Compte tenu de sa volonté de ne pas dépendre d’une connaissance a priori sur le domaine, il est assez évident que le raisonnement à base d’expériences se caractérise par une phase d’adaptation peu élaborée. Ce fait est renforcé par un autre trait du raisonnement à base d’expériences.

Dans la réutilisation des cas, Aamodt et Plaza [Aamodt & Plaza 1994] séparent l’opération de copie de celle d’adaptation proprement dite en précisant que les tâches de classement se contentent le plus souvent d’une forme élémentaire de réutilisation ne comprenant que la première opération. Or, dans l’approche à base d’expériences, la dimension raisonnement est largement dominée par la notion de classement. Il s’agit de rattacher les nouvelles expériences à celles que l’on a déjà rencontrées et les opérations effectuées sur ces nouvelles expériences, en améliorant la compréhension que l’on peut en avoir, visent à mettre en évidence les relations qu’elles entretiennent avec celles déjà présentes en mémoire. L’analyse thématique, exemple qui nous intéresse tout particulièrement ici, consiste ainsi essentiellement à reconnaître qu’un ensemble de propositions traitent du même sujet, chose qui est réalisée par comparaison avec des descriptions de situations déjà mémorisées. On peut donc concevoir que dans une grande partie des cas, la phase d’adaptation dans le raisonnement à base d’expériences s’assimile à une copie. Cette copie n’est pas pour autant aveugle et les informations contenues dans les agrégats sur l’importance relative des constituants du domaine sont une fois encore utilisables pour orienter le processus.

Phase d’apprentissage

De par la liaison assez étroite que le raisonnement à base de cas établit entre résolution de problèmes ou interprétation et apprentissage, nous avons déjà eu l’occasion d’examiner dans le paragraphe 2.2.1 les différentes caractéristiques de sa phase d’apprentissage. Aussi nous nous contenterons ici d’en souligner deux aspects majeurs, en liaison avec les principes de l’approche à base d’expériences.

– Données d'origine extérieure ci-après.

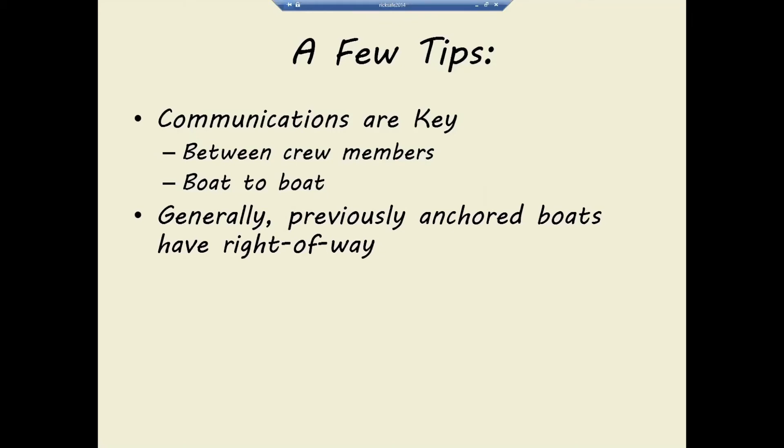Generally, boats that are already anchored have a sort of polite right-of-way — if they ask you to move because you're too close, it's courteous to do so. If they're stern tied, you may want to stern tie as well so you don't swing into them. Sometimes, especially up in Alaska, if I'm nervous about getting into a spot, I'll ease my way in, drop a hook, and then hop in the dinghy with my handheld depth sounder and do a survey of the area all the way around where I could swing, without risking the boat.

Tout d’abord, la phase d’apprentissage du raisonnement à base d’expériences se caractérise par une étape de généralisation en deux temps. Le premier temps est très étroitement fusionné avec l’étape d’intégration en mémoire. Au sein de la mémoire, nous avons vu que les expériences sont regroupées en agrégats au sein desquels des informations sur la récurrence de leurs traits, donc sur le degré de généralité de ceux-ci, sont déjà présentes. Ces pondérations représentent ainsi une première forme de généralisation, même si elle reste implicite dans la mesure où un choix des éléments à retenir n’est pas réalisé. Ce choix, ainsi que la construction des généralisations proprement dites, font l’objet du second temps. Alors que le premier temps de la généralisation intervient de façon continue et systématique, celui-ci opère ponctuellement et sur des éléments bien ciblés présentant des caractéristiques particulières. Il s’agit alors de faire émerger les connaissances stables contenues dans la mémoire des expériences et de les transformer afin de produire de nouvelles connaissances abstraites. Ce second temps marque donc une rupture, un changement de représentation profond qui s’approche d’une conception plus “classique” de la notion de généralisation.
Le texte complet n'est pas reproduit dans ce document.